De G1000: een boeiende oefening in democratische dialoog

De G1000 is vooral een hoopgevend signaal van bezorgde burgers, vindt Dirk Holemans. Op vraag van DeWereldMorgen.be - we herinneren ons zijn pleidooi voor een dialogische democratie uit 1999 - levert hij graag zijn bijdrage aan het debat.

maandag 7 november 2011 13:05
Spread the love

De Belgische democratie zit in het slop. Terwijl een waaier aan fundamentele problemen een structurele aanpak vereisen, slagen de verkozenen er niet in om een regering te vormen. Deze situatie voedt zonder twijfel antipolitieke sentimenten.

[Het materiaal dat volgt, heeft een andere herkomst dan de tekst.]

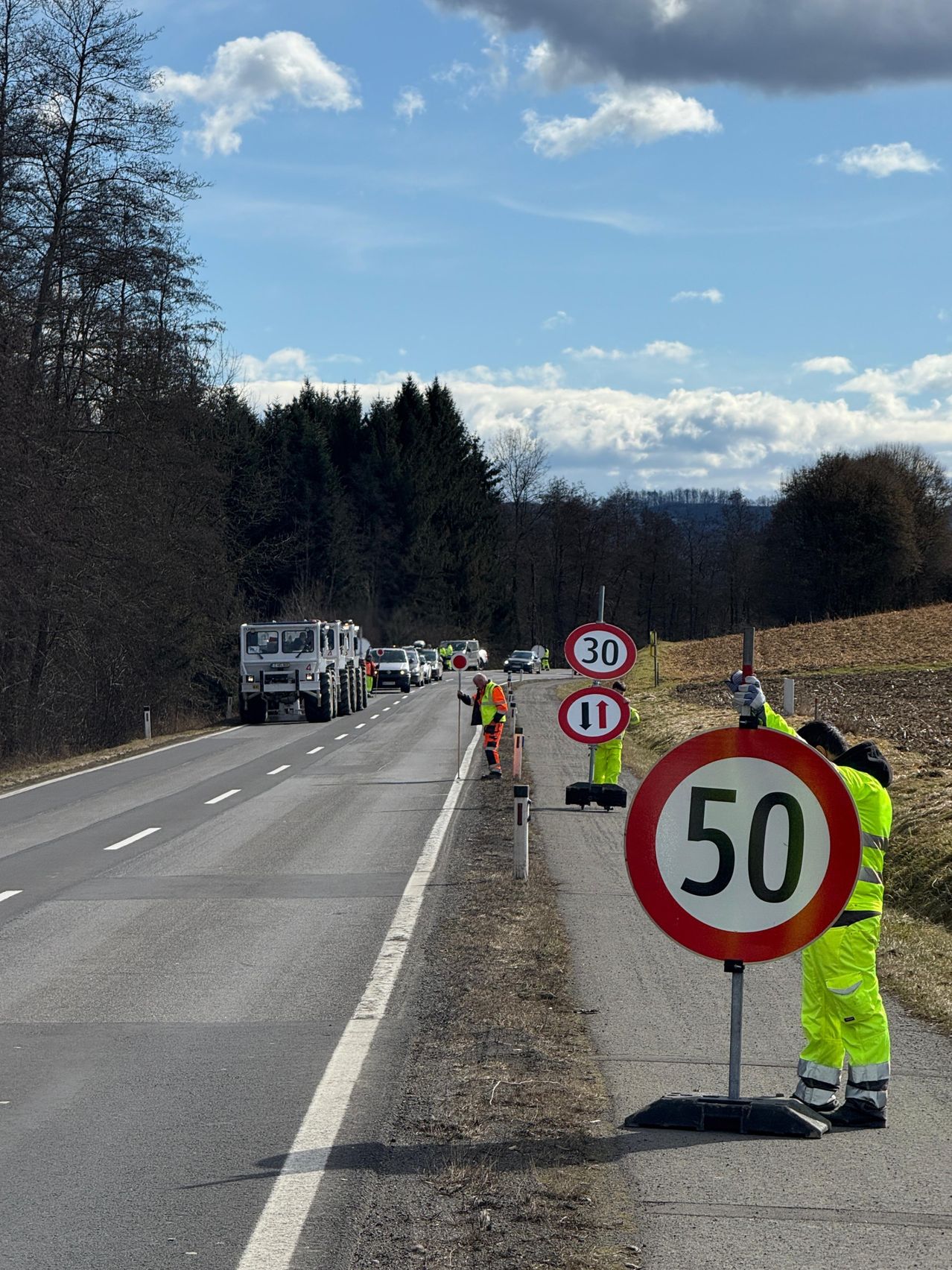 Eine Straßenbaumannschaft stellt Geschwindigkeitsbegrenzungsschilder auf einer zweispurigen Straße ein, an der Fahrzeuge vorbeifahren. Im Hintergrund befinden sich Bäume und ein bewölkter Himmel.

In deze situatie is het verfrissend dat burgers uit de culturele en academische wereld een initiatief nemen om uit de politieke impasse te geraken. De G1000 is dan ook in de eerste plaats een hoopgevend signaal van burgers die zich willen engageren voor hun samenleving, die bezorgd zijn over de kwaliteit van de democratie waarin ze leven. Enkel daarom al verdienen ze onze steun. Ze stimuleren het debat over de kwaliteit van onze democratie. En aan dit debat lever ik met deze tekst graag een bijdrage. Een aantal van de punten die ik kort aanhaal vindt de lezer beter uitgewerkt terug in mijn essay ‘Ecologie en Burgerschap. Pleidooi voor een dialogische democratie’ (Holemans, 1999).

Een relevante want structurele analyse

De kracht van het ‘Manifest van de G1000’ ligt in haar structurele analyse. Deze argumenteert dat het model van de vertegenwoordigende democratie zoals die in de 19de eeuw vorm kreeg, niet meer aangepast is aan de uitdagingen van de 21ste eeuw. Ze wordt dan ook beter vervangen door een nieuw model van deliberative democracy (in het manifest vertaald als ‘overlegdemocratie’, zelf verkies ik de term dialogische democratie). Hierbij worden burgers uitgenodigd om actief mee te beraadslagen over de toekomst van hun samenleving.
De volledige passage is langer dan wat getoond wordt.